Most frustrating about the drug debate is that it is often from conservatives that you hear the loudest yelps for prohibition. The same people who oppose Obamacare (and rightly so) because it is a monstrous violation of personal liberty fail to realize that the precedent that the government can control your body had already been set -- by drug laws. Once the state tells you what you can't buy or use (drugs) it is halfway to telling you what you must buy and use (health insurance). And the rationale is exactly the same in both instances -- it's for your own good.

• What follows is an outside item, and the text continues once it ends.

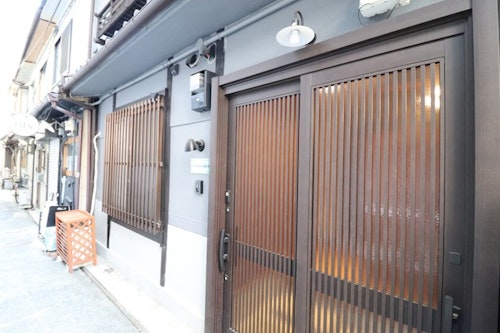 *心斎橋エリア*2階建て完全貸し切り*Wi-Fi完備*観光拠点に最高*/民泊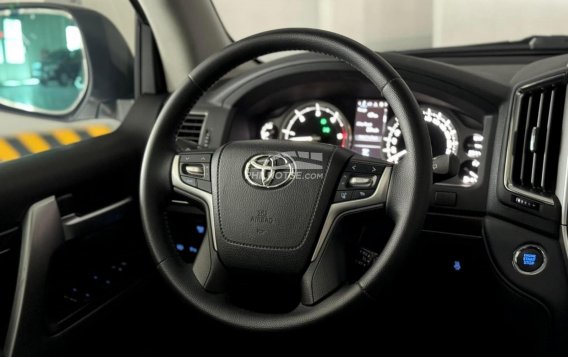 2017 Toyota Land Cruiser VX 3.3 4x4 AT in Manila, Metro Manila-5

These conservative moralizers (I'm looking at you, Bill O'Reilly) often throw out a red herring, claiming that any argument for legalization is somehow an endorsement of drugs themselves. This is outrageous. Skydiving is dangerous, but legal -- does that mean the state is encouraging everyone to jump out of a plane? Or how about cheerleading -- it's one of the most dangerous sports around, landing over 30,000 in the emergency room in 2008 alone. But it's legal -- does that mean Uncle Sam wants us all to pick up pompoms? Of course not. It just means that those who are so inclined may accept the risk if they want to. You know, like free, autonomous beings. Make no mistake -- moralizers who argue that drugs should be illegal are really saying that they don't want people to have too much freedom.
To sum up: Drug prohibition laws make us less prosperous, less safe, and less free. It's (forgive me) high time that liberty-loving Americans put their money where their mouths are.